Distribuindo as mudas gratuitamente, cabe à comunidade o dever de cuidar para que as árvores se desenvolvam. O resto é papel do próprio meio ambiente. “Em nossas pesquisas, descobrimos que o mais correto para as margens dos rios é simplesmente abandoná-las e deixar para que a própria natureza dê conta.
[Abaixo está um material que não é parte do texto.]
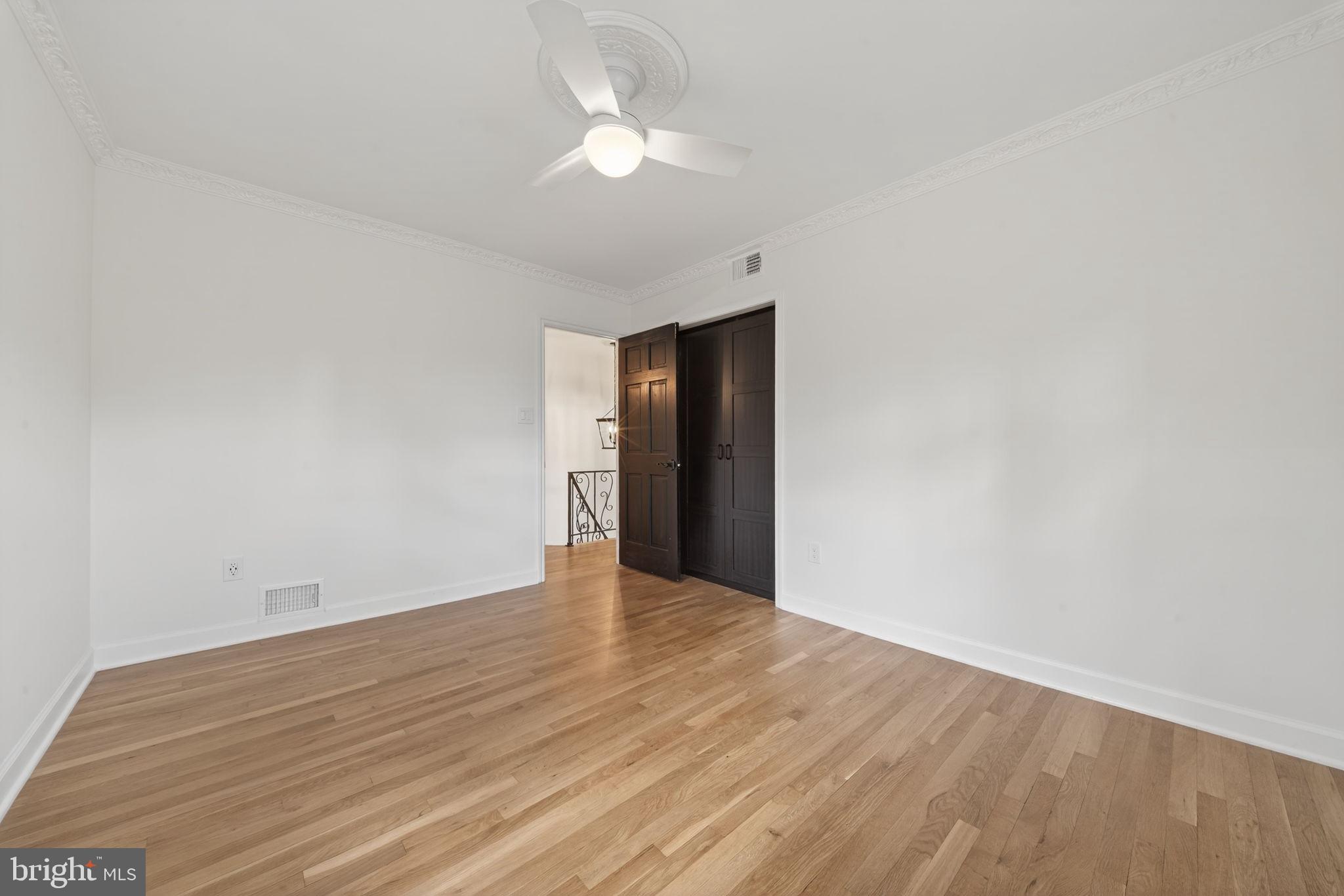 12704 THERESA DRIVE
Porém, como encontramos muito desmatamento, às vezes a mão humana pode ajudar”, avalia a diretora.
Semente plantada
Ao longo dos anos, o projeto de reflorestamento plantou aproximadamente 15 mil mudas de árvores nas margens das 400 nascentes existentes em Dom Viçoso. “Como a maioria dos pais são lavradores, pedimos para as famílias dos alunos coletarem as sementes”, afirma Fátima, ressaltando o respeito que a comunidade nutre pelo projeto. Atualmente, o trabalho nos canteiros está parado devido à falta de chuvas: ali, várias nascentes e ribeirões secam quando o período é seco.
Mesmo diante de uma realidade muito menos avassaladora do que aquela existente em uma metrópole – Dom Viçoso possui aproximadamente três mil habitantes, enquanto só a cidade de São Paulo bate os 11 milhões –, a diretora da escola acredita que é preciso ter uma visão global dos problemas ambientais, mas também sabe que a atuação local é essencial.
“A escola forma o estudante para a sociedade. Nosso papel é fazer esse preparo, não apenas passar conhecimento cognitivo”, defende. “Esses projetos são interessantes pois tocam o lado afetivo do aluno, criam uma relação de amizade e cumplicidade que não vai embora.”
A escola dirigida por Fátima ainda não teve problemas de abastecimento, diferentemente de outros colégios da região. Quando chega a estiagem, a prefeitura de Dom Viçoso fecha a distribuição de água em períodos do dia. Em seu plano de contingência, a escola prevê a aquisição de lâmpadas econômicas e torneiras reguladoras, além de um projeto para coletar água da chuva.
Com o REBHIR, a escola recebeu o Prêmio Escola Voluntária da Rádio Bandeirantes e Clube Itaú Social, em 2007, e foi credenciada a participar da IV Conferência Nacional do Meio Ambiente, realizada em 2013 em Brasília. Apesar dos resultados positivos, Fátima está receosa quanto ao futuro.
“Vou me aposentar. Fiz parte de todo o desenvolvimento da iniciativa, e a tenho como um filho”, revela. “Com ela, encontrei o verdadeiro significado de ser professora. Conhecimento a pessoa adquire com livros e internet; agora, criar um vínculo com os estudantes e estimulá-los a ter atitude perante à sociedade, só obtive a partir do projeto.” Ela acredita que seu papel foi cumprido e, agora, “a semente está plantada”.